I have a actor message of the following type:
case class RetrieveEntities[A](func:(Vector[A]) => Vector[A])
I then would like to handle the message in the following way:
def receive = {
case RetrieveEntities(parameters, func) =>
context.become(retrieveEntities(func))
def retrieveEntities(func:(Vector[T]) => Vector[T])(implicit mf: Manifest[T]){
case _ => ...
}
And I instantiate the actor in the following way:
TestActorRef(new RetrieveEntitiesService[Picture])
The problem is I receive the following compiler error:
type mismatch;
[error] found : Vector[Any] => Vector[Any]
[error] required: Vector[T] => Vector[T]
[error] context.become(retrieveEntities(func))
Which I suppose means I lost the type information but I am unsure why and how to prevent it.
Your example code is a bit to short to give you a solution, but from what you show it seems like what you are trying to do is not possible.
This is why
In Scala (and Java) the type parameters are erased, which means they disappear after compilation, so during runtime they are no longer available. This means that your pattern match on RetrieveEntities(parameters, func) is really a match where A can be anything. You then go on and call a method that is typed with T and there is no way for the compiler to know what you mean with that.
Manifest (which is deprecated), TypeTag and ClassTag are a mechanism that tells the compiler to create an object that provides type information for those after compilation but you have to "save" that information.
To be able to know what A you typed your RetrieveEntitiesService with you would need to take an implicit ClassTag to the constructor to base any logic on it (since when calling the constructor is the time that you know what A is):
import scala.reflect.ClassTag
case class RetrieveEntities[A](func:(Vector[A]) => Vector[A])(implicit val tag: ClassTag[A])

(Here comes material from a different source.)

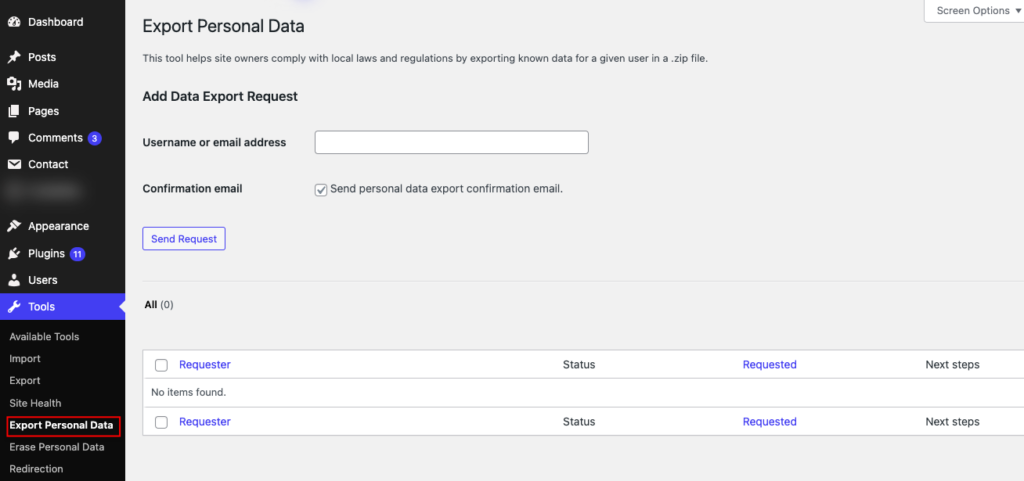 WordPress export personal data option for CCPA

You could then call runtimeClass on the tag to get the type of A:
scala> val retrieve = RetrieveEntities[String](identity)
scala> retrieve.tag.runtimeClass
res2: Class[_] = class java.lang.String
Note that this still would not let you type a method call with since we are now in runtime, but it would let you use that instance of Class to compare with the runtimeClass of E of the actor and then do a safe cast to RetrieveEntities[E] if you like. (and also regular runtime conditional flows, reflection etc.).

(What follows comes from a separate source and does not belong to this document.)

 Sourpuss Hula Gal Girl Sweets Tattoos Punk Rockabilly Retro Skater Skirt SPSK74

Two important notes before you start doing that
I would not advice you to go down that path until you are more confident with the type system and really really know that there is no other reasonable design that solves your problem. Again I can not help you towards such a solution with the sparse example code given. (Maybe your actor does not really need to know about the type of A for example, or there is a limited set of E:s that you might match on with concrete types)

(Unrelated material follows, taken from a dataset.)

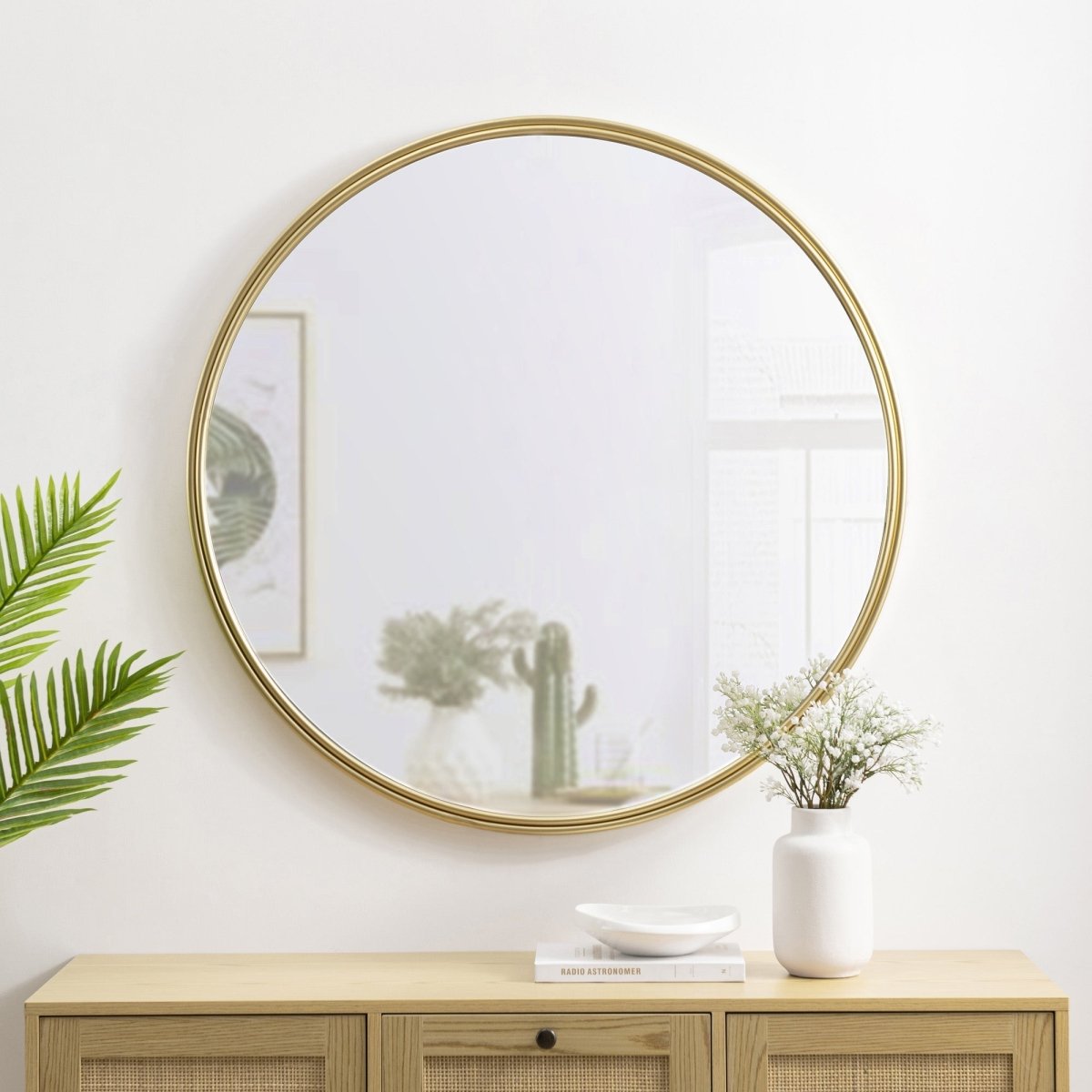 Walker Edison 36" Double Ribbed Frame Mirror - lily & onyx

As an additional warning, type and class tags are not thread safe in Scala 2.10, and might not be safe in 2.11 either, so mixing them with actors might be a bad idea. (http://docs.scala-lang.org/overviews/reflection/thread-safety.html)
johanandren's answer was certainly helpful, but at the end I found a way that it could compile and it is working for now.
I needed to give the compiler a more precise type annotation to make it work:
case RetrieveEntities(parameters, func:(Vector[T]) => Vector[T])
I still will continue to use Manifest instead of the new Reflection API (TypeTag and ClassTag) mainly because the library I am using (json4s) uses internally also the Manifest implementation, and I assume it will lead to less problems this way.